The microphone captures real-time transcriptions using Vosk ASR to allow NeuroCube to understand human voice commands.
Motors, Wheels, Drivers, and ESP32
The robot can perform basic tasks such as moving around in response to human voice commands.
It uses a motor driver to control the motors and wheels.
The ESP32 is used to control the motors and wheels, receiving commands via USB from the on-board computer.
On-Board Computer
The robot is powered by an Orange Pi 5 with an RK3588 NPU.
All visual and audio processing is done on the Orange Pi, which runs Ubuntu-Rockchip-22.04.
The Orange Pi connects to the ESP32 via USB, effectively acting as a communication bridge between the server and the motors.
Server
The server is hosted on a Linux machine, running a fine-tunedQwen3 on an RTX 3090 GPU.
All heavy computations such as LLM inference, fine-tuning, and simulation are offloaded to the server, while the robot acts as a lightweight client.
Next Steps
Improve search functionality
The current approach is to use duckduckgo web search and try to summarize the top 5 relevant results.
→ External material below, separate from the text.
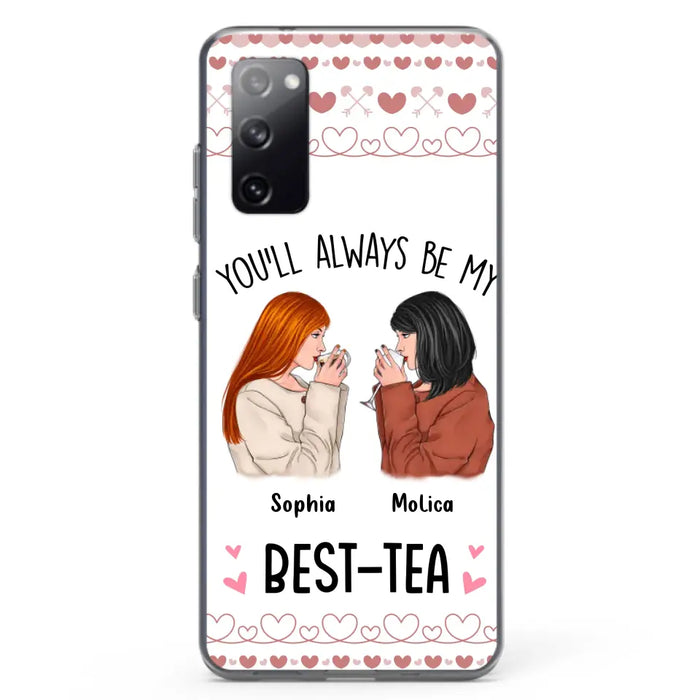 Personalized Friends Phone Case - Gift Idea for Friends/Besties - You'll Always Be My Best - Tea - Case For iPhone/Samsung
Since information retrieved is largely unorganized and sometimes irrelevant (due to how duckduckgo works), the robot may not always provide accurate answers.
Next Steps: Use a more structured search engine or an additional layer of processing such as AI summarization to improve the accuracy of the information provided.
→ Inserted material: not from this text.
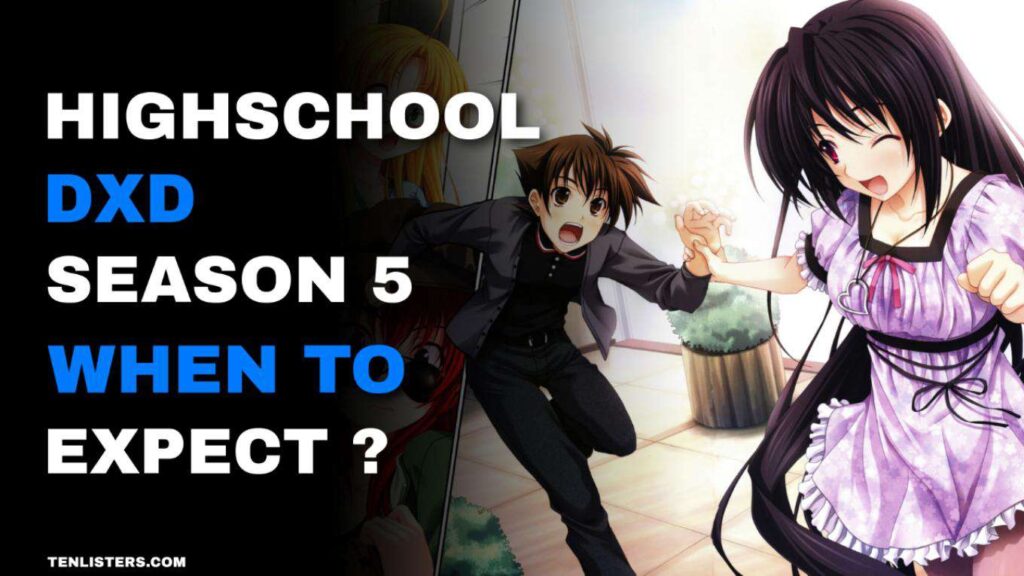 When to expect Highschool Dxd season 5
Integrate MCP tool calling
My current implementaton uses a custom framework that sends and receives JSON messages from the robot to execute commands and functions.
Next Steps: I am just starting to learn about MCP (Model Context Protocol) and am setting up a system that allows the robot to call tools in a more robust and standardized way.
Digital twin
I’m still learning about Isaac Sim and how to build the robot’s digital twin for simulation and testing.
Next Steps: Setup robot and environment in Isaac Sim based on real-world sensors and conditions.